The Chair Conservative Joy Smith

You have a minute left.

3:55 p.m.

President and Chief Executive Officer, Canadian Organization for Rare Disorders

Dr. Durhane Wong-Rieger

Overall, I think what we do recognize is that many of these drugs, because they are being developed for very small patient populations, can come in at a very high individual cost—though it's not true for all of them. I will give you a bit of a reality check. If we think about all the drugs that are now currently being funded for rare diseases, including some that you've heard about as being very expensive, the cost still amounts to only 0.7% of the public drug budget because the numbers are very small. A very good projection that was recently made by researchers in Europe, where there's much better drug coverage for these rare disease drugs than we have here in Canada, is that because of the rates of development, the numbers involved, and the fact that when you develop a drug for one of these rare diseases many of the patients come on right away—so it's not likely you're going to get a continuing increase in these patients—at most it would never be more than between 3% and 6% of the total. That was their estimate.

3:55 p.m.

Conservative

The Chair Conservative Joy Smith

Thank you, Dr. Wong-Rieger.

Now we'll go to Dr. Carrie.

3:55 p.m.

Conservative

Colin Carrie Conservative Oshawa, ON

Thank you very much, Madam Chair.

Thank you to the witnesses for very interesting presentations.

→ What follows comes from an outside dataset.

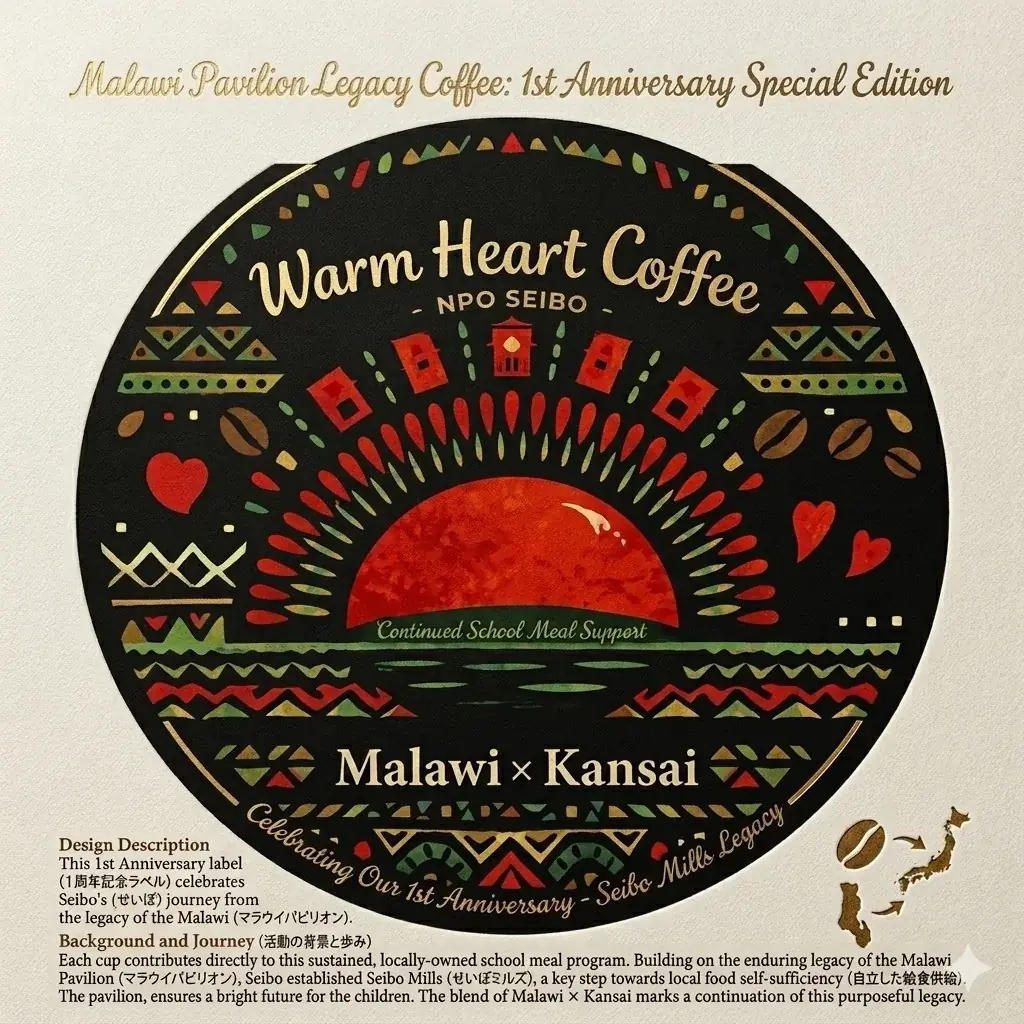 1周年記念ラベルコーヒー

I just want to follow up along with my colleague. We are doing technological innovation, and I think one of the innovations is actually data collection, data availability, and international cooperation. When I've talked to stakeholders, it seems, as Mr. Lee pointed out, that sometimes there are only maybe 12 people in Canada with a certain disease, so how do you study it? How do you bring this about?

Mr. Lee, you mentioned this online technological innovation, Orphanet Canada. I wonder if you could elaborate a bit more about exactly what that is, and if it could be modelled for other things? Is this online resource something that patients can load data into? Is it something that researchers can take something out of? Or is it something else? Could you elaborate a bit more for us?